■ Records supplied:
--------
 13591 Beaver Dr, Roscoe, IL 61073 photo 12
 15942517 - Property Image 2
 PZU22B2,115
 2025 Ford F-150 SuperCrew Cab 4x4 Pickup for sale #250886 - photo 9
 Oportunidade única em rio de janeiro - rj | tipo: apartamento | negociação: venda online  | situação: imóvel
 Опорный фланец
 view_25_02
--------
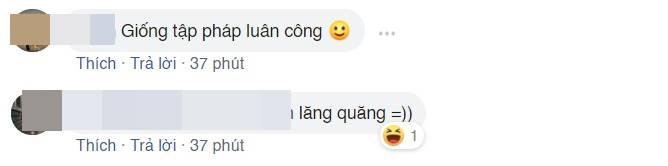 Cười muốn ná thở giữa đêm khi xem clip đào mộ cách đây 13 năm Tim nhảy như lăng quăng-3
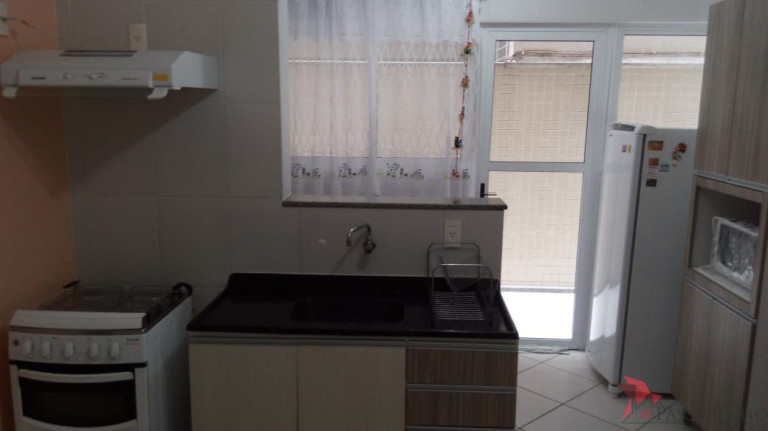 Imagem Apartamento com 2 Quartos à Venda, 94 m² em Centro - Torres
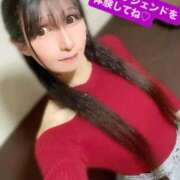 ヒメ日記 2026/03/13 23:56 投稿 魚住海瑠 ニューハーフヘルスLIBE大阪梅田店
--------
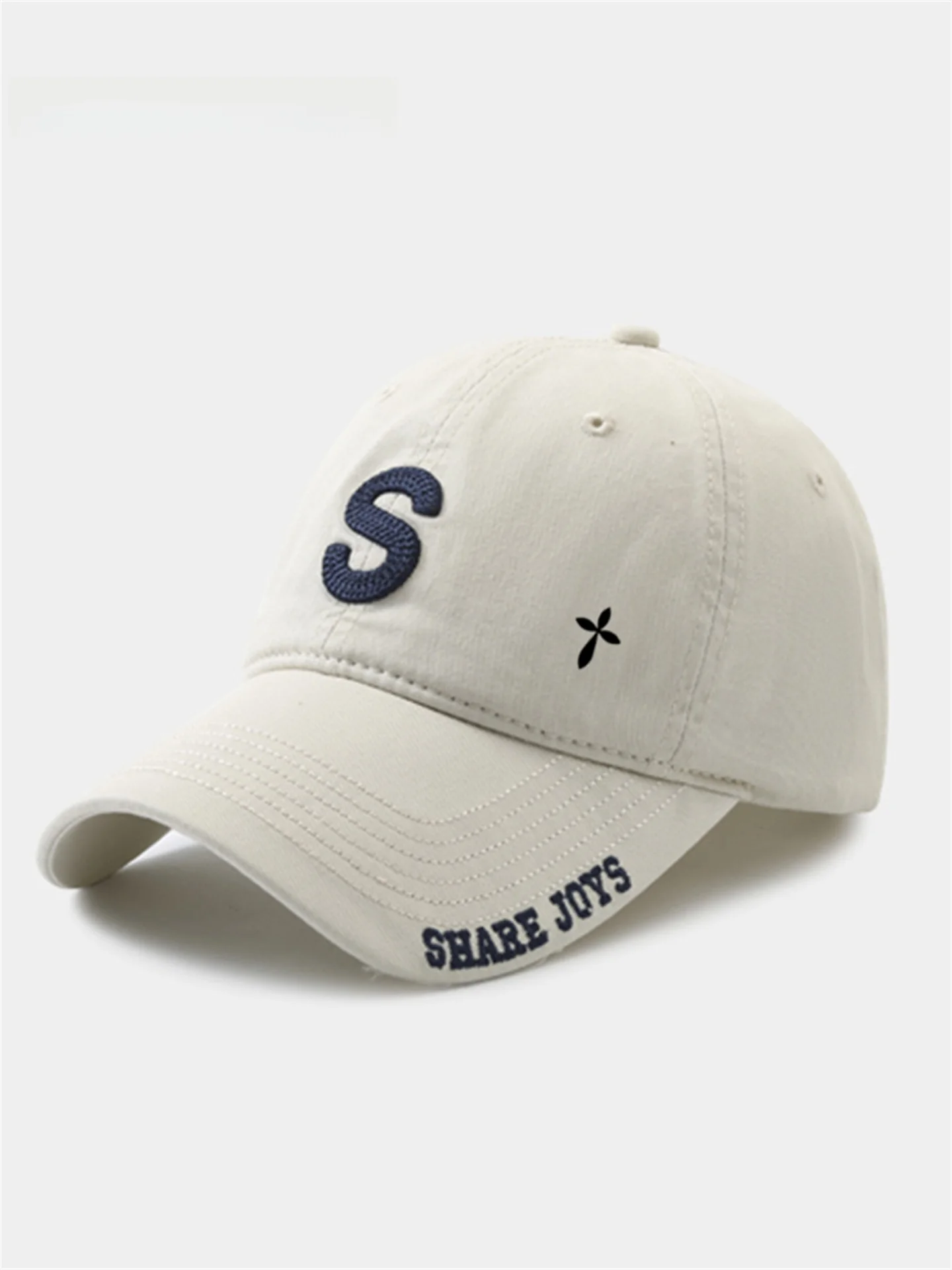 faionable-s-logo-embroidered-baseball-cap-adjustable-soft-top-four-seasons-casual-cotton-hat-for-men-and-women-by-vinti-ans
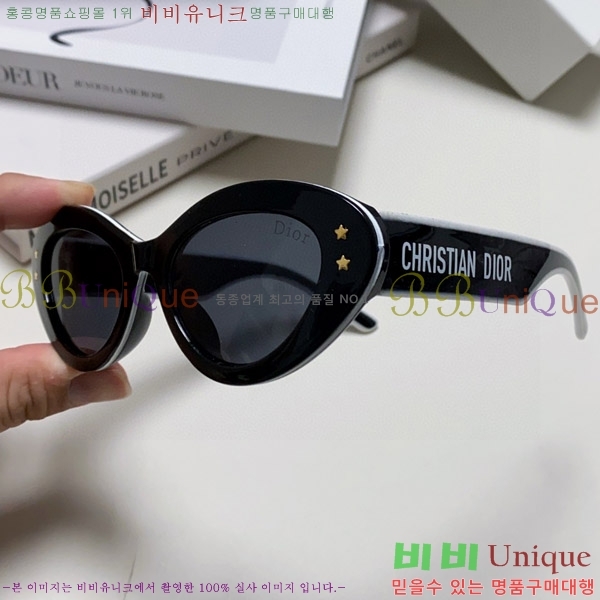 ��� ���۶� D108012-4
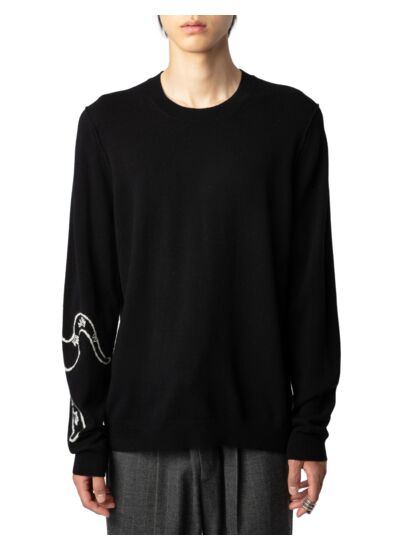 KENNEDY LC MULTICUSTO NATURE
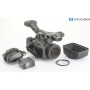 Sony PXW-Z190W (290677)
--------
■ What the task asks: Nothing but the lines above from the one that has "Cười muốn ná" down to the one that has "ヒメ日記 2026/03/13 23:56" belongs in the answer, copied exactly, without pictures.

■ Answer box:
 Cười muốn ná thở giữa đêm khi xem clip đào mộ cách đây 13 năm Tim nhảy như lăng quăng-3
 Imagem Apartamento com 2 Quartos à Venda, 94 m² em Centro - Torres
 ヒメ日記 2026/03/13 23:56 投稿 魚住海瑠 ニューハーフヘルスLIBE大阪梅田店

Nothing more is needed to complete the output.